吐き出したことで、幾分はスッキリしたのか、カレンに先程までの張り詰めた空気は無い。シシツキは少し屈んで、カレンと視線を合わせた。
ただ聞くだけが教師のすることではない。聞くだけなら、そこらに居る幼子でも出来る。聞いた上で、助言をするのが教師の役割だ。
「俺は別に、君たちに嫌々戦って貰うつもりは無いよ。むしろ、それなら、早々に別の道を探してほしいと思う」
カレンは、静かにシシツキを見た。彼は今、一体どういう気持ちでこの言葉を紡いでいるのだろうか。
いつもの気だるげな雰囲気のシシツキは、容易に彼の本心を覗かせてくれない。
「そもそも、俺自身、戦うのは不得手だからね。騎士や冒険者の人を否定する訳では無いけど、戦いが日常になるのは、俺も耐えられない」
俺も、死にたくない。戦いたくない。なにかを傷つけながら生きたくない。
シシツキの言葉を、カレンは意外なほど冷静に受け止めた。
正直、少し前の自分なら、こんなことを聞いたらヒステリックに叫んで、シシツキが悪い訳では無いのに、彼をひどく責めただろう。
何故、自分を勇者にしたのか、と。
自分の気持ちを吐き出すだけ吐き出して、冷静になったのか。いや、シシツキの雰囲気が、声音が、カレンの精神を落ち着かせているのだ。

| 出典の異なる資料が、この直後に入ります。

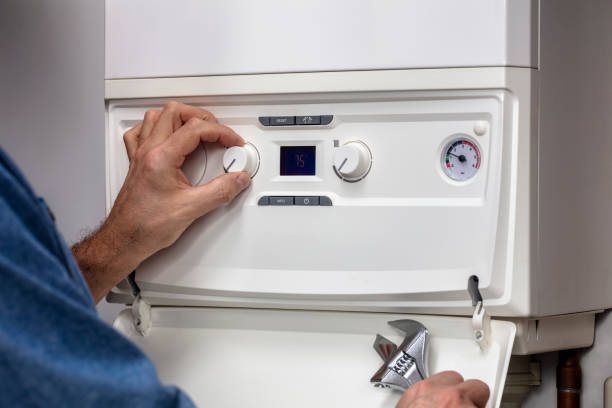 Plumber technician servicing or repairing home heating system boiler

だから、カレンは次に続くシシツキの言葉を、聞き入れることが出来た。
「でも、俺は剣を持たなければならない時に、躊躇はしない。それで、家族が護れるのならば、俺は戦う。どんな敵であっても。最終的に、それを殺さなくてはならなくても。君はどうなんだ、ニカイドウ・カレン」
「でも、私は…」
「別に、この世界の人を救うなんていう理由で戦わなくていいんだ。君は勇者カレンとして戦う必要は無い。君は君自身の目的のために戦っていいんだよ」
シシツキの言葉に、カレンはハッとなった。
別に戦うことは義務ではない。勇者は、喚びすぎたくらいなのだ。しかし、カレンは責任感が強すぎて、その事を忘れていたのだ。
だから、勇者という称号に縛られ、その重圧がいつしか戦うことへの恐怖へ変換されしまっていたのだろう。
「先生は、何のために戦うのですか?」
カレンの口から出た言葉に、シシツキは一瞬答えることを躊躇した。この答えに、彼女がまた捕らわれてしまうのでは無いのだろうかと。
しかし、それは杞憂だろう。カレンの瞳には、既に強い意志が宿って、いや、戻っているのだから。
「俺はね、義姉さんとの約束を守るために戦うんだよ」
そう言って微笑んだシシツキが、次の瞬間に消えてしまうのではないかというほど儚く、そして美しくて、カレンは思わず見惚れてしまったのだった。